Nuovi scenari di guerra al tempo dei computer Società
Sembra si siano raffreddati i bollenti ardori di Kim Jong-un, leader nordcoreano non ancora trentenne (probabilmente il più giovane capo di Stato al mondo, peccato però che lo Stato in questione sia retto da un regime dittatoriale) che appena poche settimane fa minacciava guerra non solo nei confronti dello storico nemico, la Corea del Sud, ma anche degli Stati Uniti e di tutto il mondo occidentale. A meno di ulteriori colpi di testa, pare proprio che il pericolo di un conflitto imminente sia stato sventato.
Ma come si svolgerebbe una guerra nel XXI secolo? Cos’avrebbe in comune con i conflitti del passato e quali sarebbero invece le innovazioni che le più recenti tecnologie hanno apportato nel campo bellico? Se fosse ancora vivo, forse Salvatore Quasimodo apporterebbe qualche aggiornamento (o upgrade, per dirla in termini informatici) alla sua celebre poesia Uomo del mio tempo: anziché parlare di carro di fuoco e di carlinga, forse scriverebbe “Eri alla tastiera, con le dita maligne, le coordinate di morte“. Perché al giorno d’oggi, in una guerra, il bilancio di vite stroncate dipenderebbe, più che dalle dita che premono un grilletto o che azionano un cannone, da quelle che agiscono su un computer.
L’uso dei droni da guerra, dei velivoli Predator privi di pilota e di altri strumenti impersonali di guerra a distanza è una delle principali novità nei conflitti odierni. Diciamo la verità: l’impiego di truppe a terra è ancora una necessità, specialmente nelle fasi successive ad un conflitto, quelle cosiddette missioni di peace-keeping, ossia mantenimento della pace, che paradossalmente in Afghanistan e in Iraq hanno visto un maggior numero di vittime rispetto alla guerra vera e propria. Ma in un eventuale scontro in campo aperto tra due eserciti regolari, l’uso di soldati sarebbe altamente sconsigliabile.
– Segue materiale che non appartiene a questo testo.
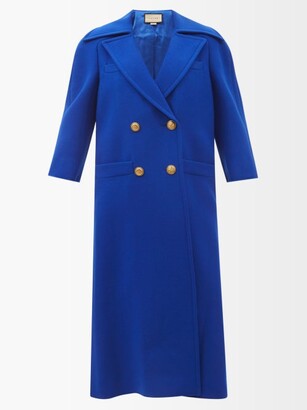 Gucci Double-breasted Wool-natte Coat - Blue
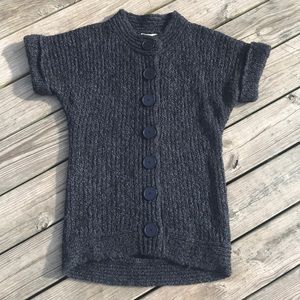 Kensie Long Button Front Short Sleeve Sweater
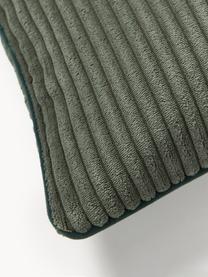 Cojín alargado de pana Kylen, Funda: pana (90% poliéster, 10% , Verde oliva, An 30 x L 115 cm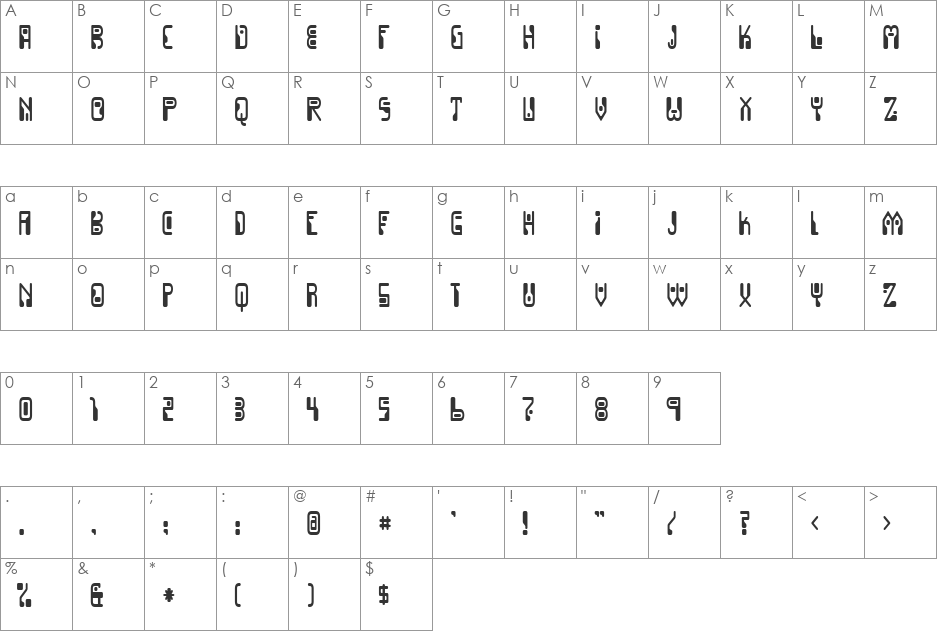 Dignity of Labour font character map preview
Le moderne tecnologie consentono a chi ne dispone di condurre una campagna militare impegnando sul fronte il minor numero possibile di uomini. I satelliti spia in orbita geostazionaria possono fornire una quantità d’informazioni utili a pianificare una strategia bellica senza bisogno di mandare truppe in avanscoperta (ed i satelliti non possono essere attaccati o distrutti da terra); per rilevamenti più dettagliati si ricorre agli aerei spia senza pilota, molto più piccoli di un caccia e per questo difficoltosi da rilevare ai radar e ancor più da abbattere. Gli stessi velivoli teleguidati possono compiere un bombardamento su obiettivi mirati senza che nessun essere umano sia presente a bordo: tutto viene gestito da una centrale, che può essere situata a poche centinaia di chilometri dal luogo dell’operazione se non addirittura in un altro continente.
Certo, attualmente queste tecnologie sono all’avanguardia, costano moltissimo e sono pochissimi gli Stati che ne dispongono, ma non è avvenuta la stessa cosa in passato con tutte le armi, dalle prime lame in ferro fino alla bomba atomica? Cosa accadrebbe se un giorno, quando tutte le nazioni avessero a disposizione una flotta di bombardieri pilotati a distanza, scoppiasse una guerra? La morte pioverebbe dal cielo mentre i suoi latori, coloro che con un clic su una tastiera sganciano le bombe, si troverebbero al sicuro, celati in qualche bunker blindato, osservando i risultati delle proprie azioni in un monitor, quasi come se non vi fosse più differenza tra una guerra reale ed un videogioco di simulazione.
Verrà forse il giorno in cui i soldati migliori non saranno i più forti da un punto di vista fisico, ma i più in gamba davanti ad un computer. Possiamo solo sperare che l’umanità quel giorno sia abbastanza matura da evitare una forma d’annientamento così fredda ed impersonale, ma non per questo più civile di quando chi uccideva un nemico si ritrovava le mani imbrattate di sangue.